1.1 Introduction
Traditional processor designs issue and execute at most one operation per cycle. So to overcome this instruction pipelining has become a standard feature for improving the performance of commercial processors. An extension to instruction pipelining is to provide parallel data-paths in order to fetch, decode and execute several operations per cycle. Such processors have been referred to as multiple-instruction-issue processors as per [4]. A critical issue regarding the design of multiple instruction-issue processors is code scheduling. Code scheduling methods ensure that control dependencies, data dependencies, and resource limitations are properly handled during concurrent execution. The goal is to produce a code schedule that minimizes the execution time in addition to enforcing the correctness of execution. Code scheduling can be done at compile time (static scheduling) [2] and/or at run time (dynamic scheduling) [2]. In dynamic scheduling hardware rearranges the instruction execution to reduce stalls, allowing the program to run at full speed. Hence, it requires a considerable investment in hardware. Whereas, in static scheduling (pipelining), the compiler schedules the instruction so the hardware functional units are not utilised properly. This essay will provide the critical comparative analysis of dynamic and static scheduling.

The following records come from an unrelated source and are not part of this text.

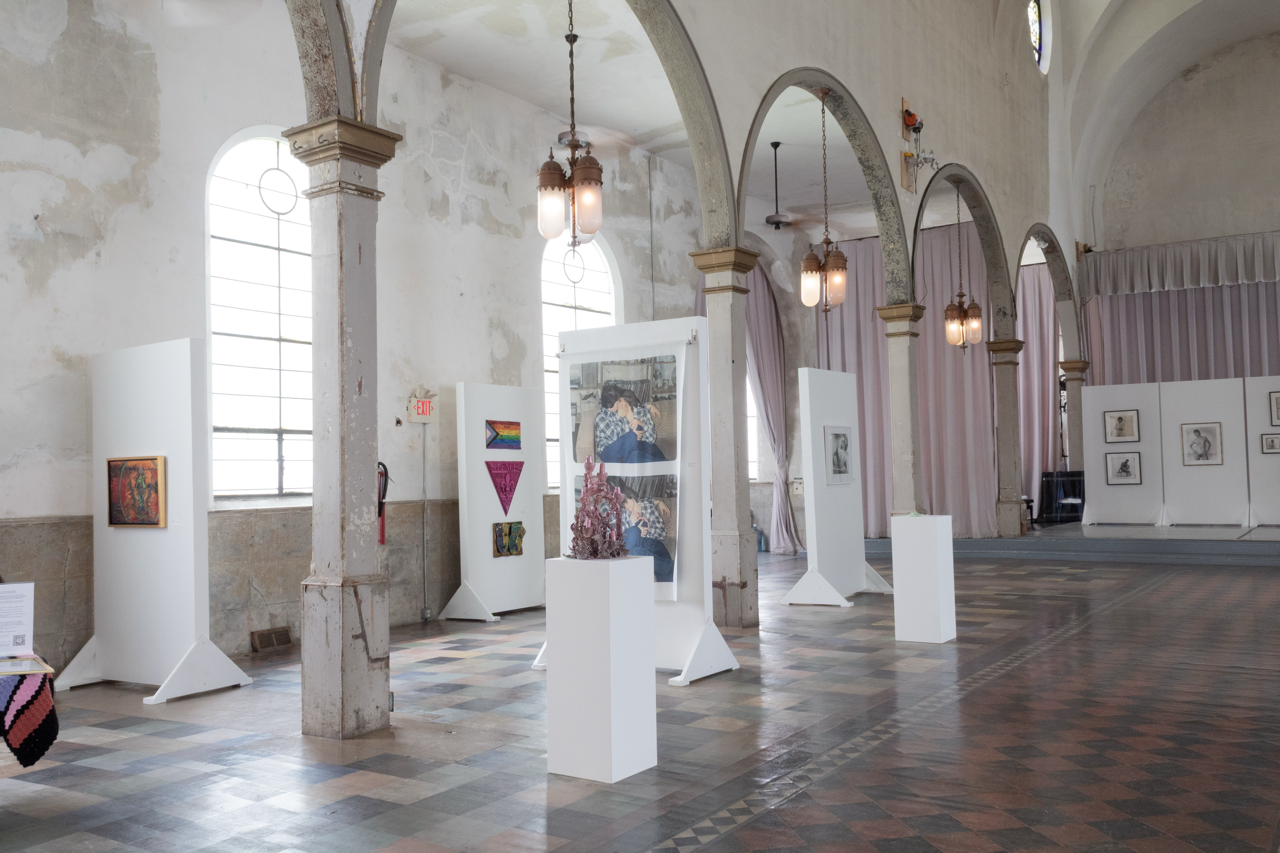 Interior view of an art gallery with white display panels and artwork, high ceilings with arches, large windows, pink curtains, and vintage hanging lights, in a spacious venue.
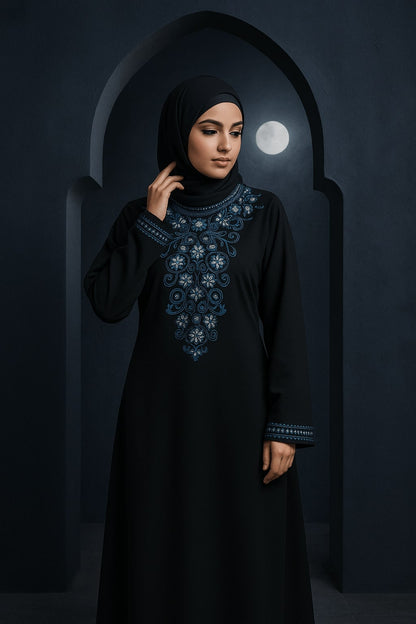 Woman wearing a black abaya with blue embroidery in a dark setting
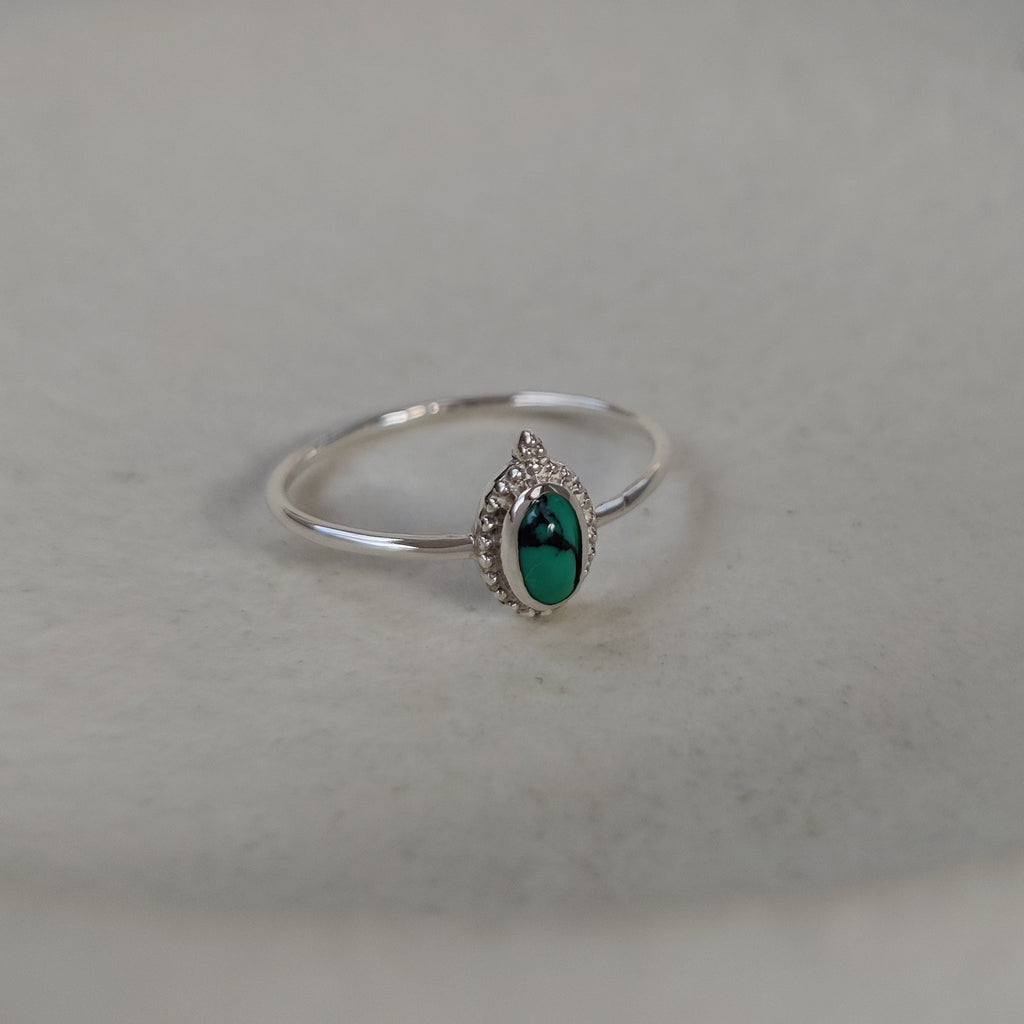 Silver ring with a turquoise gemstone on a light background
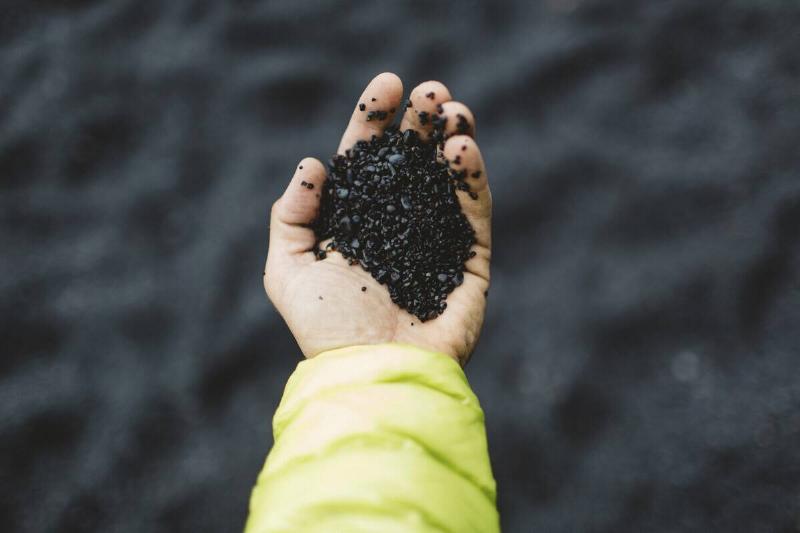 Hand holding black asphalt granules.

1.2 Dynamic and Static Scheduling
Code scheduling can be done at compile time (static scheduling) and/or at run time (dynamic scheduling). Static scheduling requires intelligent compilation support whereas dynamic scheduling requires sophisticated hardware support. In practice, dynamic scheduling is assisted by static scheduling to improve performance and to reduce hardware cost. On the other hand, static scheduling is often assisted by hardware interlocking to enforce the correctness of execution. Compiler can schedule (move) instructions to reduce stalls. Basic pipeline scheduling eliminates back-to-back load-use pairs. The primary static scheduling technique uses the compiler to determine sets of operations that have their source operands ready and have no dependencies. These operations can then be scheduled within the same instruction subject only to hardware resource limits. Since each of the operations in an instruction is guaranteed by the compiler to be independent, the hardware is able to issue and execute these operations directly with no dynamic analysis. These multi-operation instructions are very long in comparison with traditional single-operation instructions and processors using this technique have been called Very Long Instruction Word (VLIW) processors. The primary dynamic scheduling technique uses special hardware to analyze the instruction stream at execution time and to determine which operations in the instruction stream are independent of all preceding operations and have their source operands available. These operations can then be issued and executed concurrently. Processors using dynamic scheduling techniques have been called superscalar processors or out of order processors.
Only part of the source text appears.